TASK OBJECTIVE - Data follows below. Repeat exactly the lines between the line holding "バート・ローテンフェルデにあるModerne 2 Zimmer" and the line holding "Le lustre suspension", inclusive, and nothing more; drop pictures.

DATASET CONTENT -

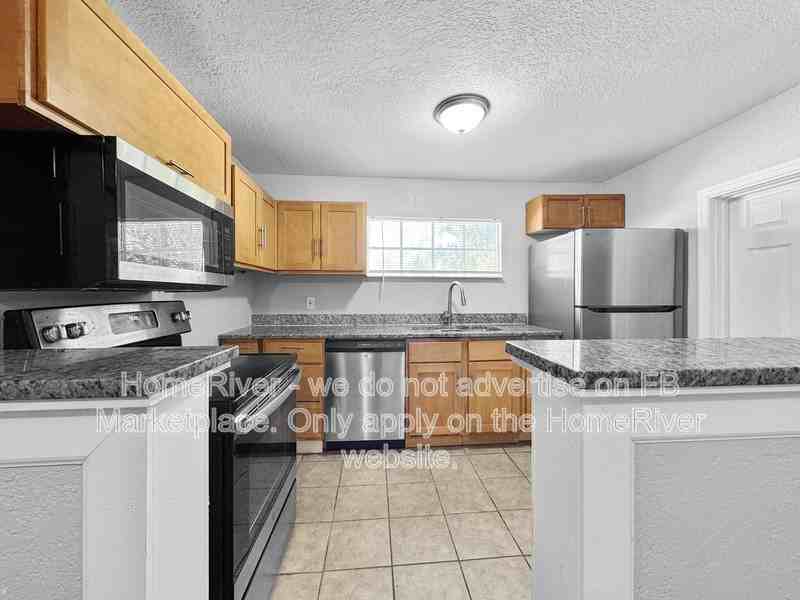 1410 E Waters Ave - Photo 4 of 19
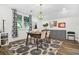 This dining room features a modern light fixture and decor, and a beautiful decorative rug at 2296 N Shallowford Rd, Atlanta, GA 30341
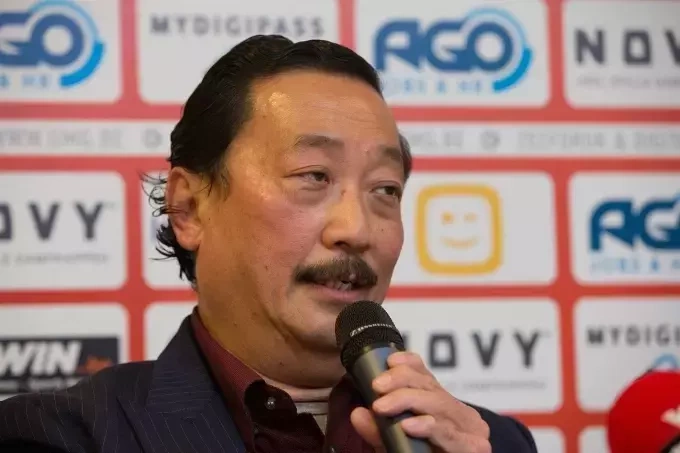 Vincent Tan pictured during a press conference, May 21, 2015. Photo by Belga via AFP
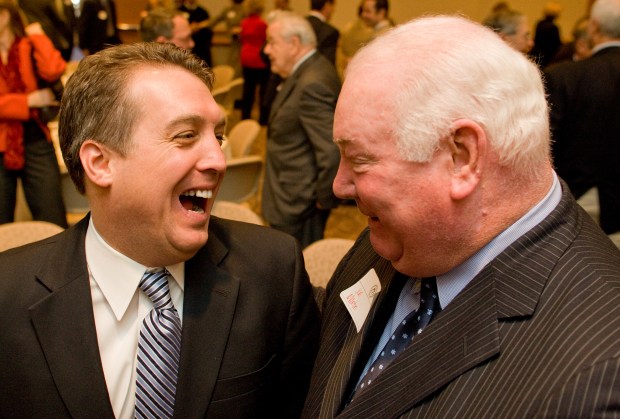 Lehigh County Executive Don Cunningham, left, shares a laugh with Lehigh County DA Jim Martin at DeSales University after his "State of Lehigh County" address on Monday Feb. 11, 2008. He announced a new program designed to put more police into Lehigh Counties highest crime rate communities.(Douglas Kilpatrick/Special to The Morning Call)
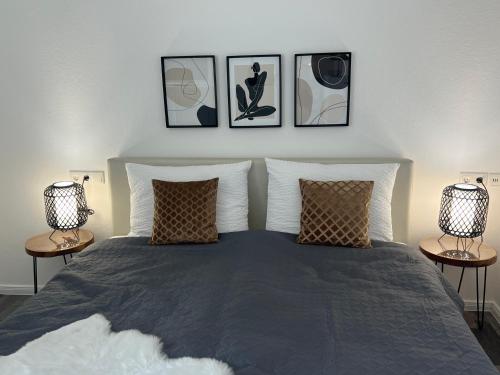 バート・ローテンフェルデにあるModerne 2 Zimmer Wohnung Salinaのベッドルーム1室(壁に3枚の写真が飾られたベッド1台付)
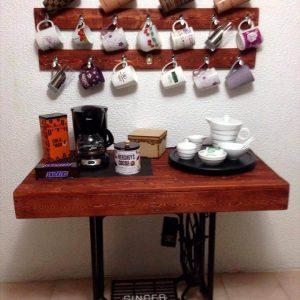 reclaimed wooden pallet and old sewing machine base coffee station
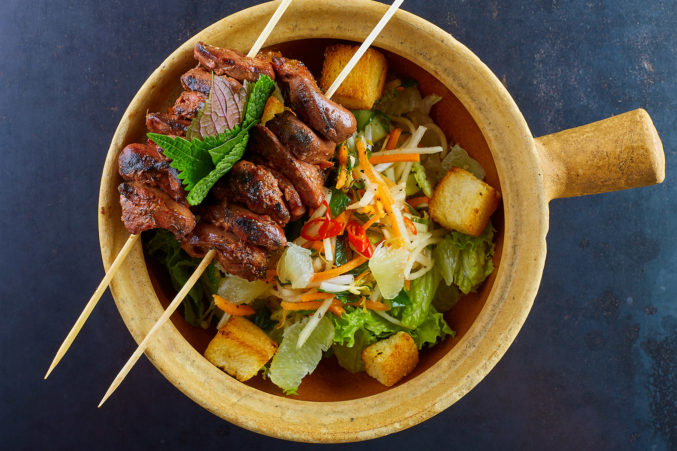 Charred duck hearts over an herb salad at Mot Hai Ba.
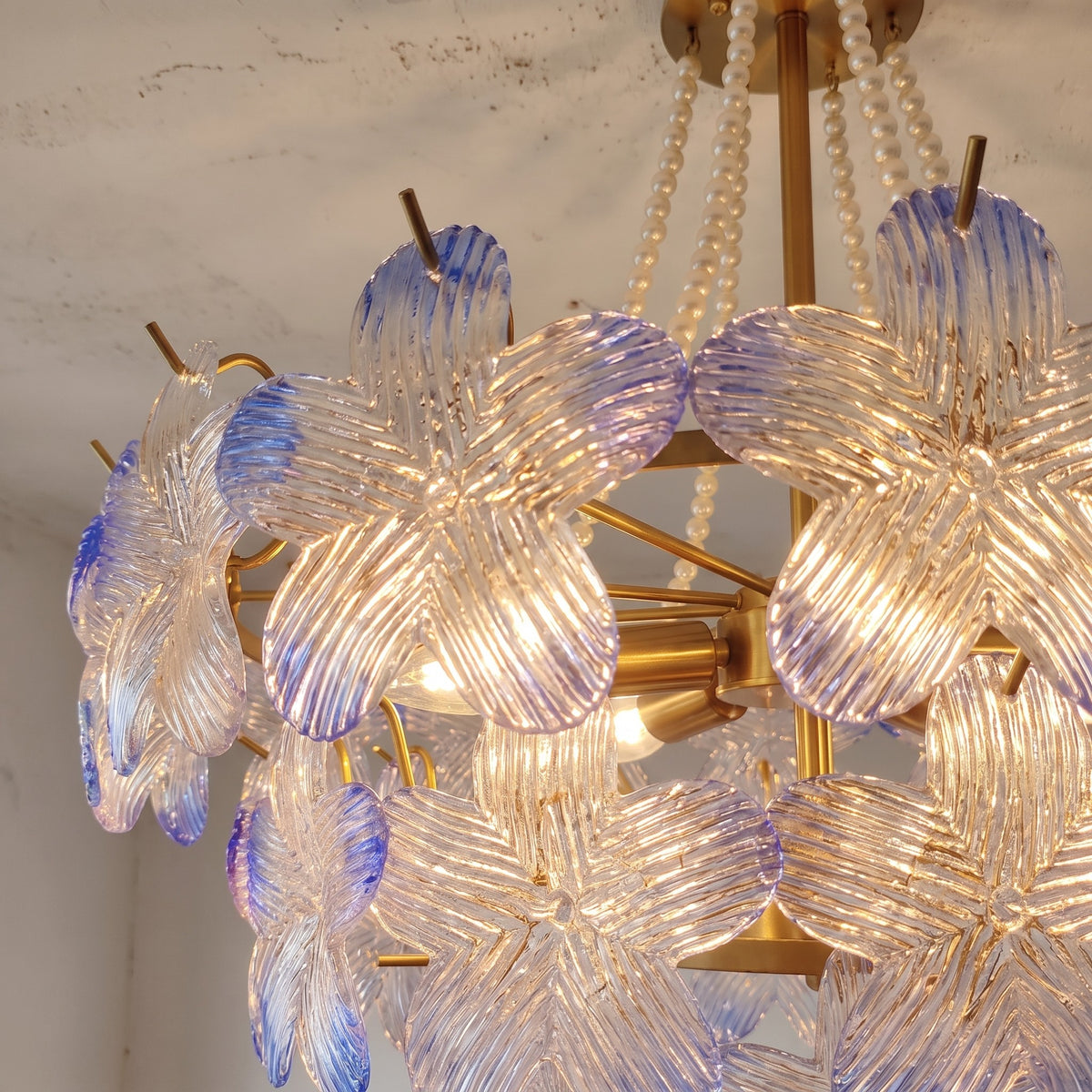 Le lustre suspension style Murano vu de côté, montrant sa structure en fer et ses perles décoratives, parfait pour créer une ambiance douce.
* * *
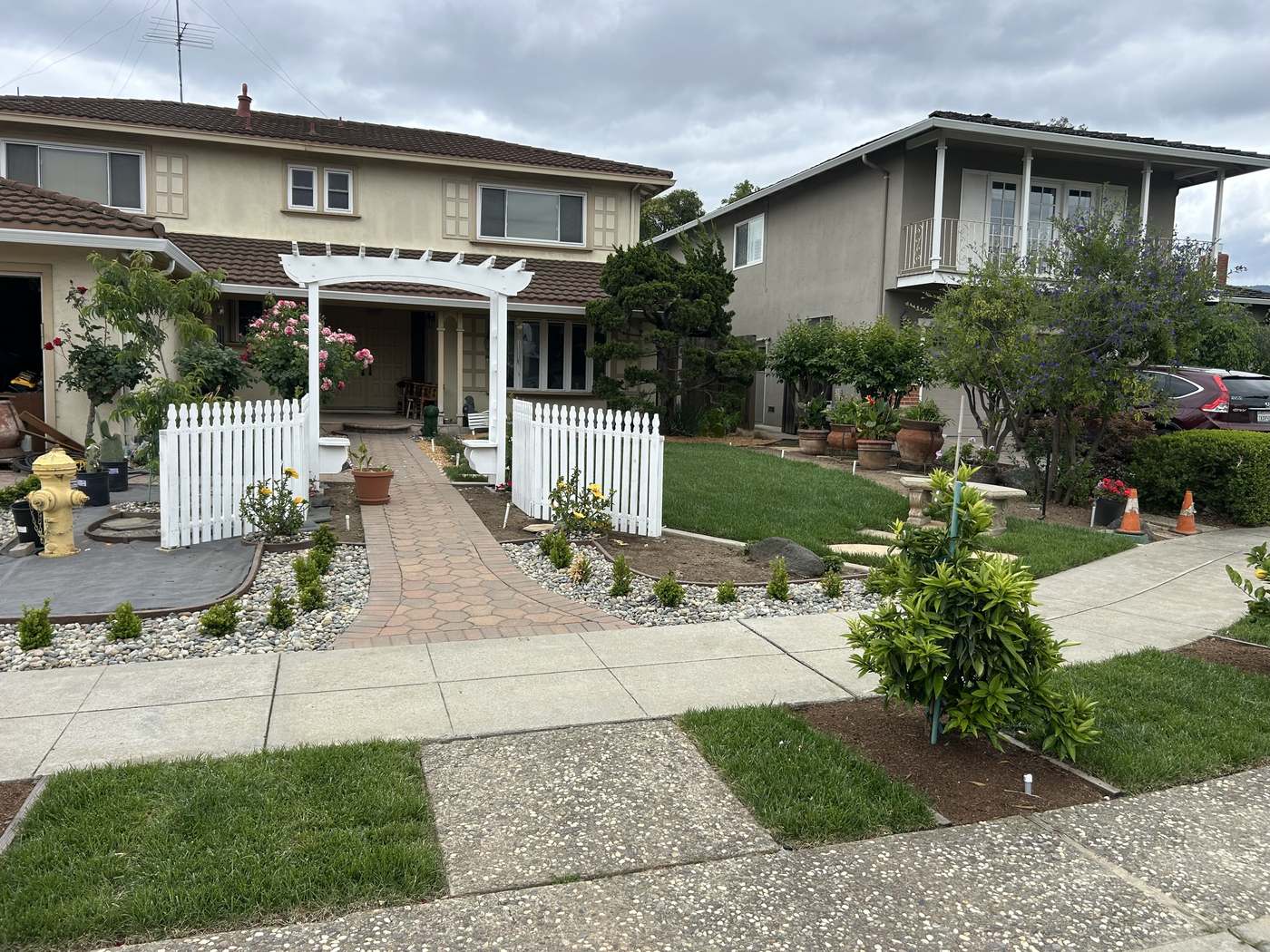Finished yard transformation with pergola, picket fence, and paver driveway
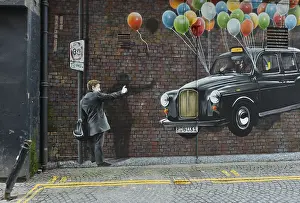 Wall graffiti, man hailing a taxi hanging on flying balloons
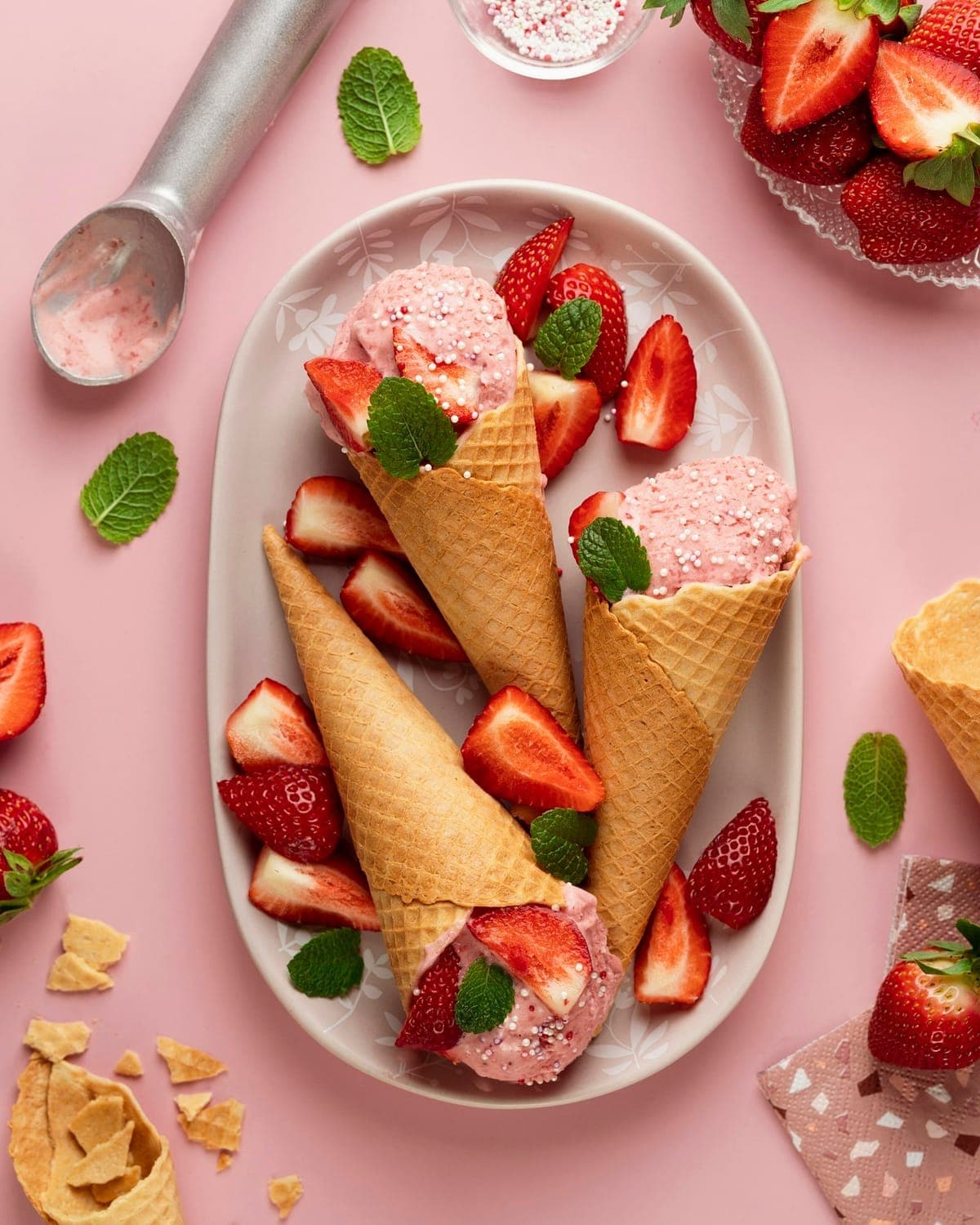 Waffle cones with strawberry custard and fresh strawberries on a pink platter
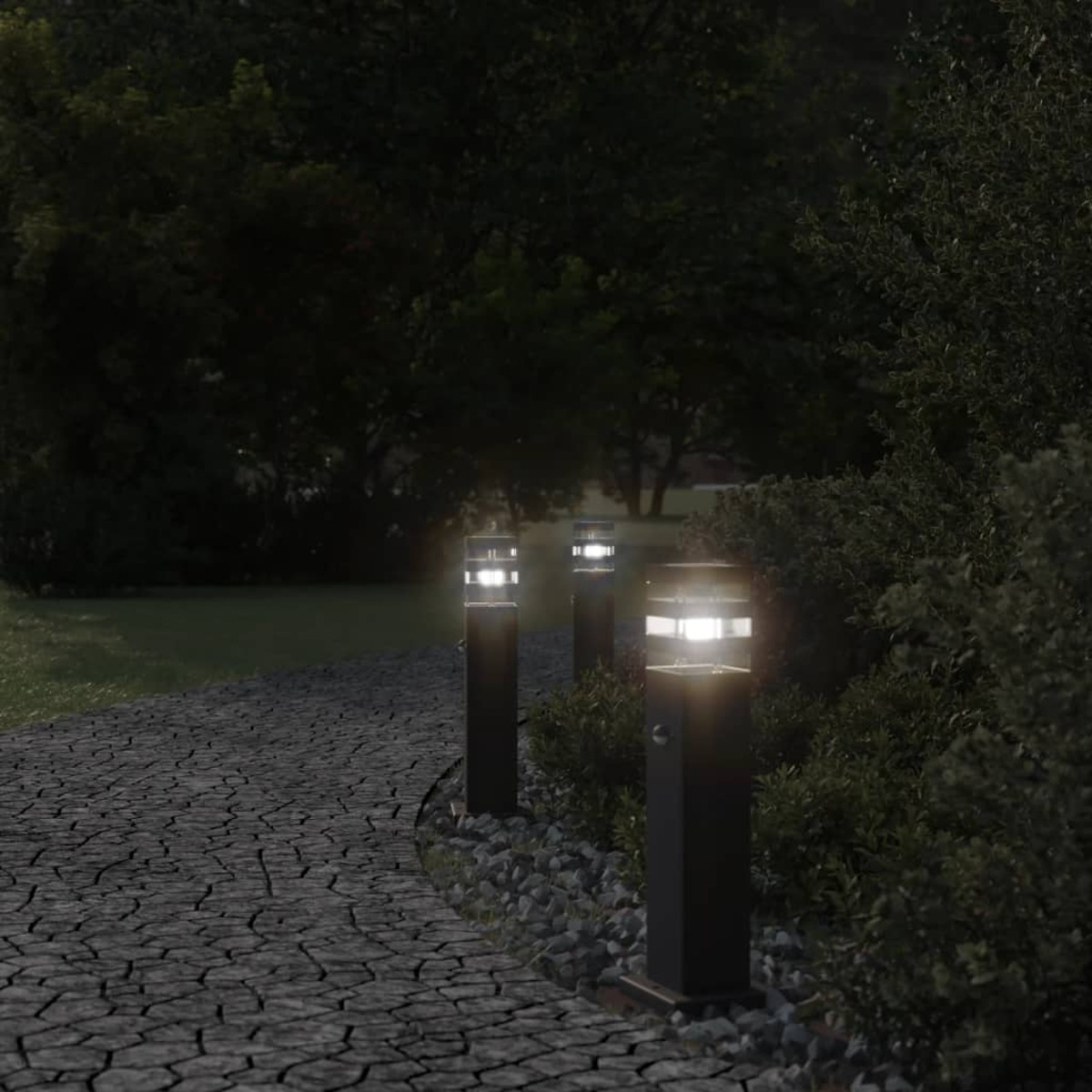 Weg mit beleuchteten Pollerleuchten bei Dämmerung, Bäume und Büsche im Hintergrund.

RESPONSE AREA -
 バート・ローテンフェルデにあるModerne 2 Zimmer Wohnung Salinaのベッドルーム1室(壁に3枚の写真が飾られたベッド1台付)
 reclaimed wooden pallet and old sewing machine base coffee station
 Charred duck hearts over an herb salad at Mot Hai Ba.
 Le lustre suspension style Murano vu de côté, montrant sa structure en fer et ses perles décoratives, parfait pour créer une ambiance douce.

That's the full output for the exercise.